> [TASK DIRECTIONS]: Begin at the line below that holds "MERCEDES SPRINTER" and end at the line that holds "Boys' Grade School Size 4 - Picture 1 of 13", transcribing each line exactly and skipping any picture.

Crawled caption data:
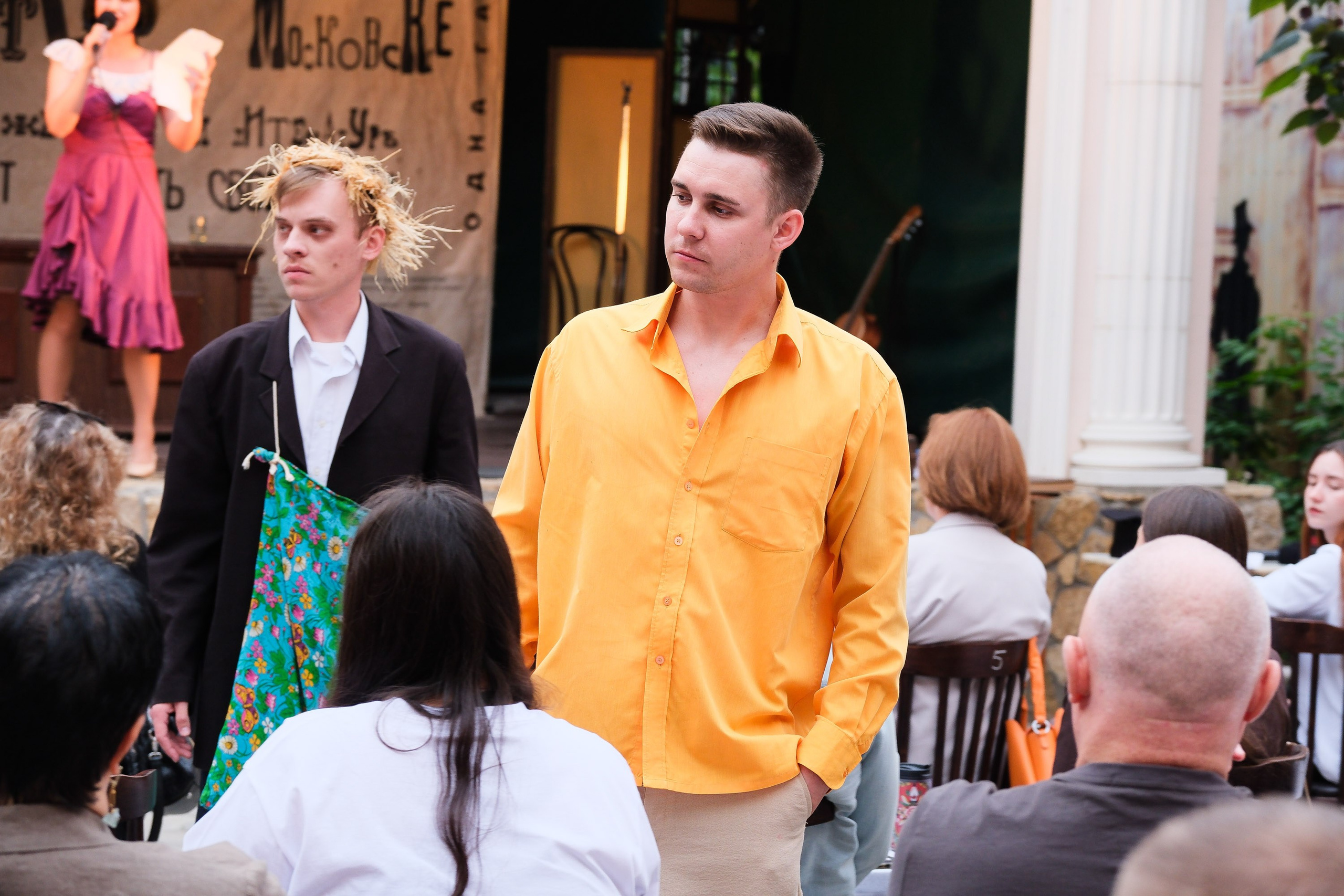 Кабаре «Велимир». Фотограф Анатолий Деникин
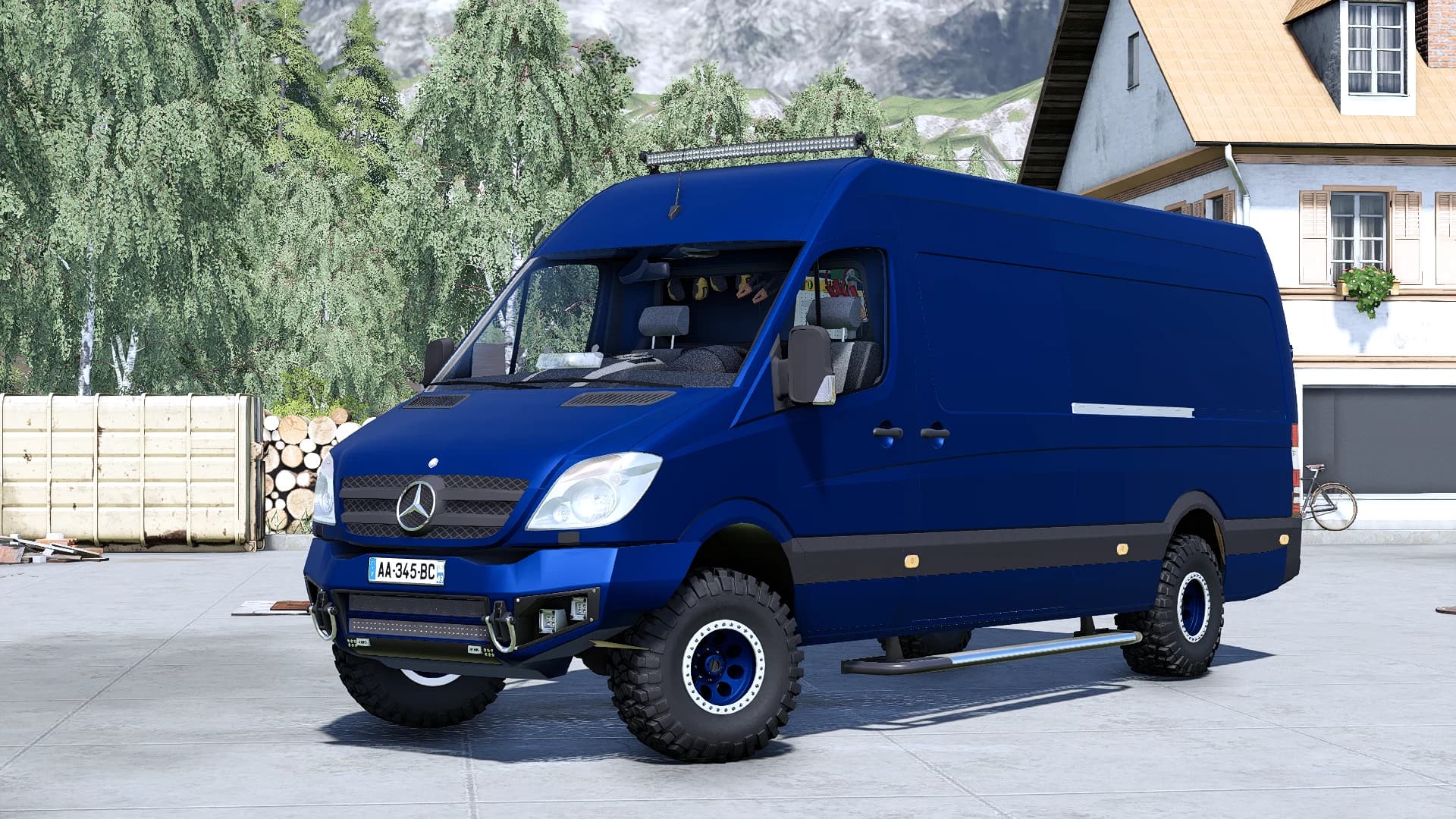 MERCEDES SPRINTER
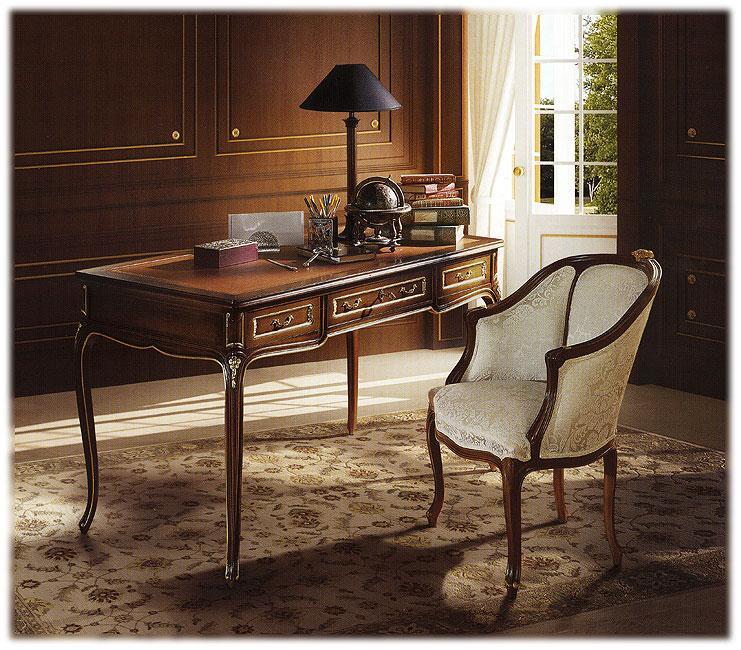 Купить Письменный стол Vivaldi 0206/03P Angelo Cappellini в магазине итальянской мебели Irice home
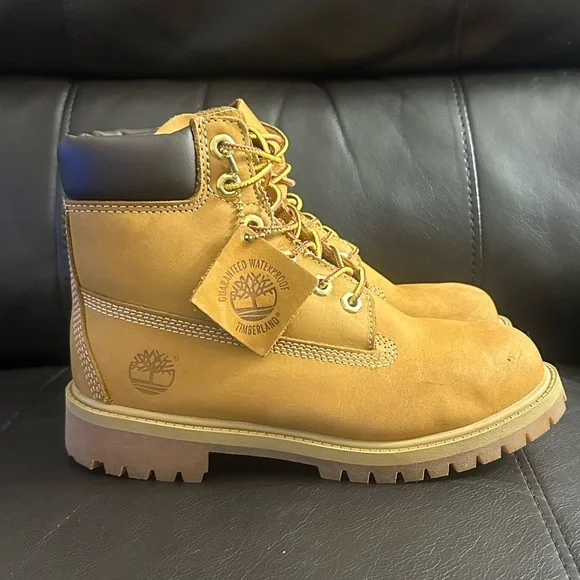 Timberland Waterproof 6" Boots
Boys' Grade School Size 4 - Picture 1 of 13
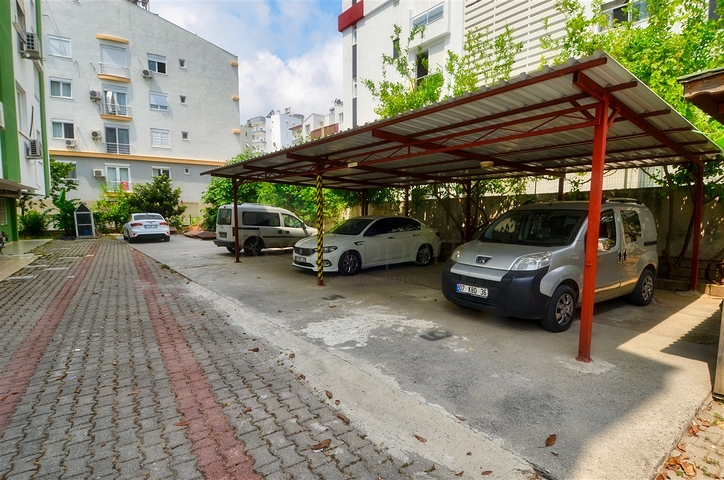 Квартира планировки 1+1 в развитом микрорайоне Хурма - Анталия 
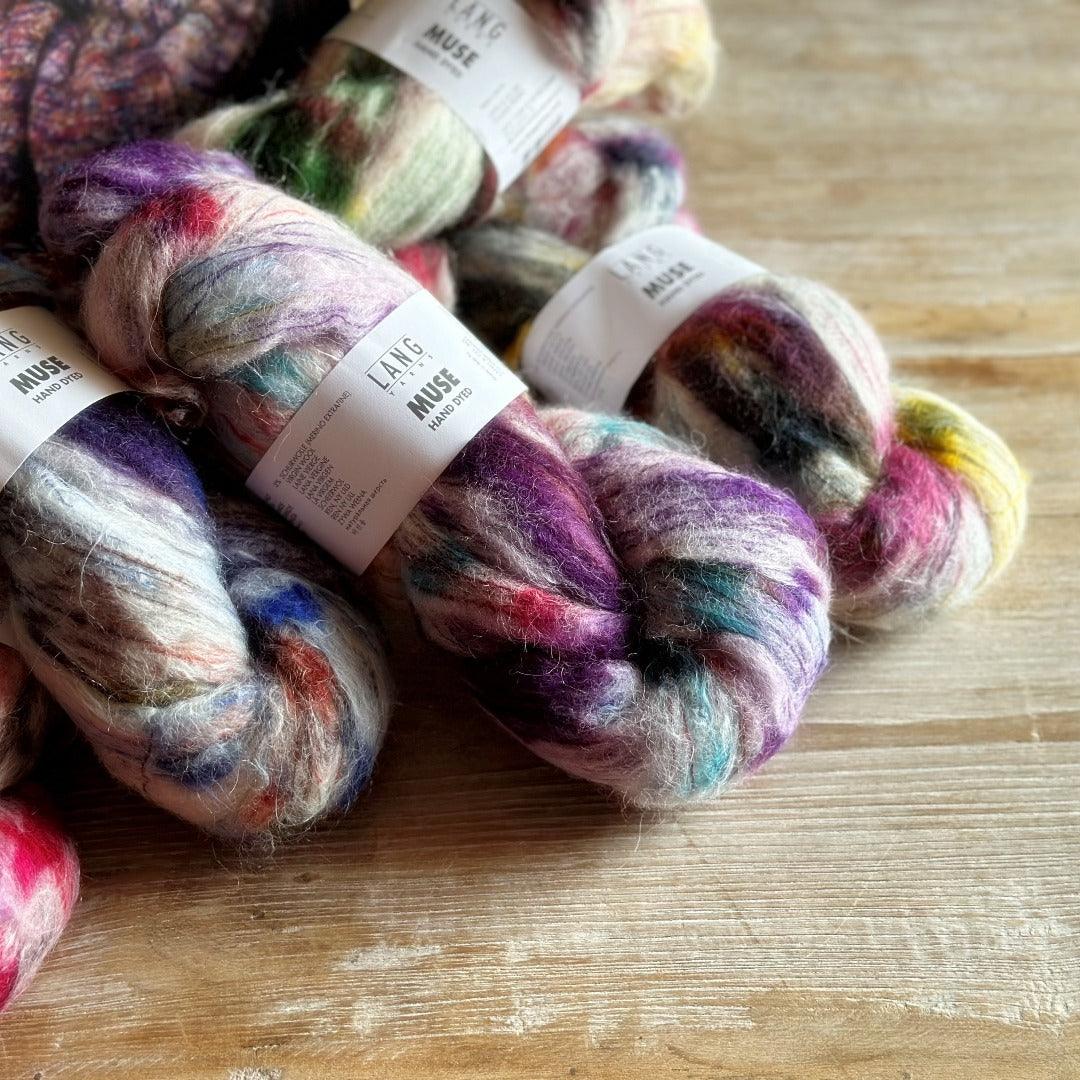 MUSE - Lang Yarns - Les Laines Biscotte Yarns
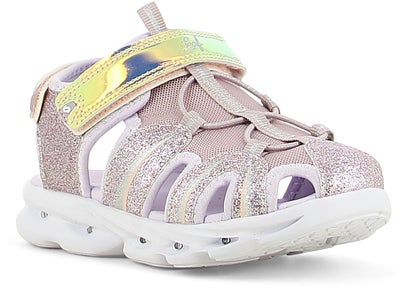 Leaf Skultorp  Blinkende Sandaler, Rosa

> [YOUR RESPONSE]:
 MERCEDES SPRINTER
 Купить Письменный стол Vivaldi 0206/03P Angelo Cappellini в магазине итальянской мебели Irice home
 Timberland Waterproof 6" Boots
Boys' Grade School Size 4 - Picture 1 of 13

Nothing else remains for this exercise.